WHAT YOU HAVE TO DO:
Only the lines from the top of the records below through the line containing "importado aislado (turista)" should be printed, exactly and without pictures.

Scraped caption text data:
BEGIN

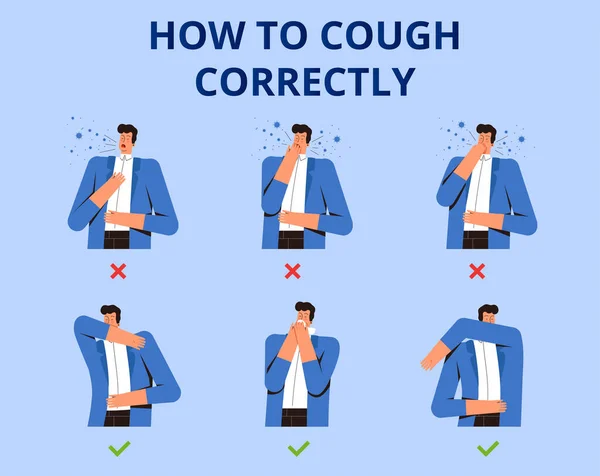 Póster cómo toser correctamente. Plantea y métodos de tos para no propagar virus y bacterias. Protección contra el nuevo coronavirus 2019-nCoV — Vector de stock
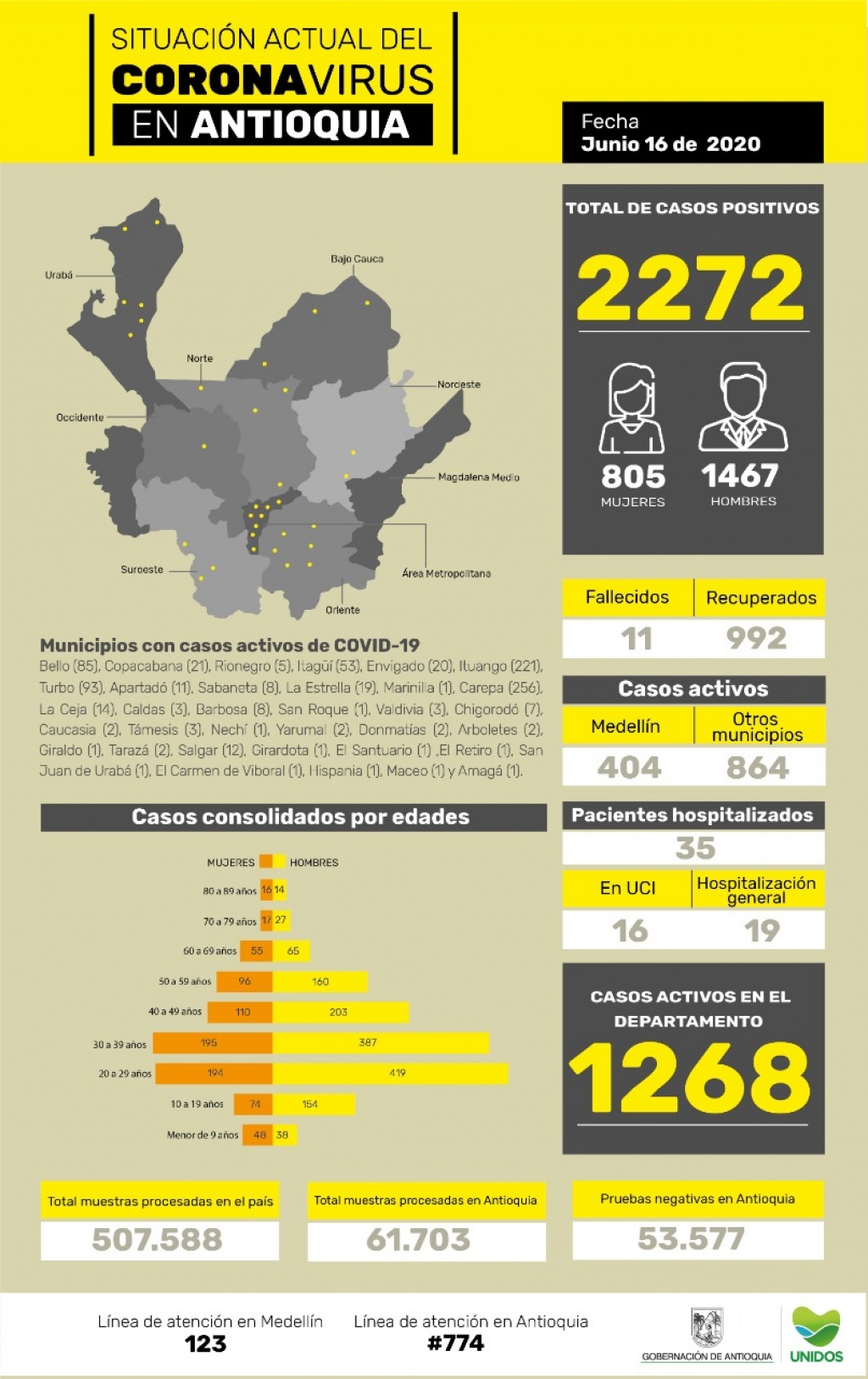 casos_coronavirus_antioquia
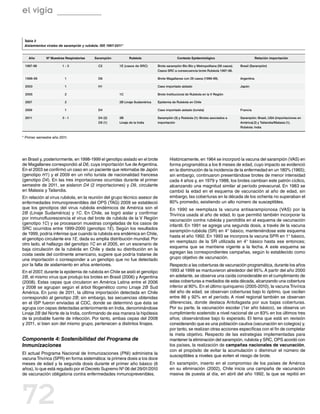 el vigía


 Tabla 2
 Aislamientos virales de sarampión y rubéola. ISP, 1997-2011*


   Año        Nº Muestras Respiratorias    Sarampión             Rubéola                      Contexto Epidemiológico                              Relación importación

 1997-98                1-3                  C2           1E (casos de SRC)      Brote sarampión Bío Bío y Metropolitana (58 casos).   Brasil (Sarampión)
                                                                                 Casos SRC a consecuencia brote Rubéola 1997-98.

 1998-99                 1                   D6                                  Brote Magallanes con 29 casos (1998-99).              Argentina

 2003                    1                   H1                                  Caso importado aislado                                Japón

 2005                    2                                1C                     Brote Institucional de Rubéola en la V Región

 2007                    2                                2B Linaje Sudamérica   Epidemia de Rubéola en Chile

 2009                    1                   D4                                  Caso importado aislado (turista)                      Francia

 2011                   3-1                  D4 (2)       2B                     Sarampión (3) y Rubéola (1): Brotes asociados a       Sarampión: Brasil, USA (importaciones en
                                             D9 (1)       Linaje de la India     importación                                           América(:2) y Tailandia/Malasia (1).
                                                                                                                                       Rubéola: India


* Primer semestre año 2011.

END

SOLUTION FOR THIS PROBLEM:
 Póster cómo toser correctamente. Plantea y métodos de tos para no propagar virus y bacterias. Protección contra el nuevo coronavirus 2019-nCoV — Vector de stock
 casos_coronavirus_antioquia
 el vigía


 Tabla 2
 Aislamientos virales de sarampión y rubéola. ISP, 1997-2011*


   Año        Nº Muestras Respiratorias    Sarampión             Rubéola                      Contexto Epidemiológico                              Relación importación

 1997-98                1-3                  C2           1E (casos de SRC)      Brote sarampión Bío Bío y Metropolitana (58 casos).   Brasil (Sarampión)
                                                                                 Casos SRC a consecuencia brote Rubéola 1997-98.

 1998-99                 1                   D6                                  Brote Magallanes con 29 casos (1998-99).              Argentina

 2003                    1                   H1                                  Caso importado aislado                                Japón

 2005                    2                                1C                     Brote Institucional de Rubéola en la V Región

 2007                    2                                2B Linaje Sudamérica   Epidemia de Rubéola en Chile

 2009                    1                   D4                                  Caso importado aislado (turista)                      Francia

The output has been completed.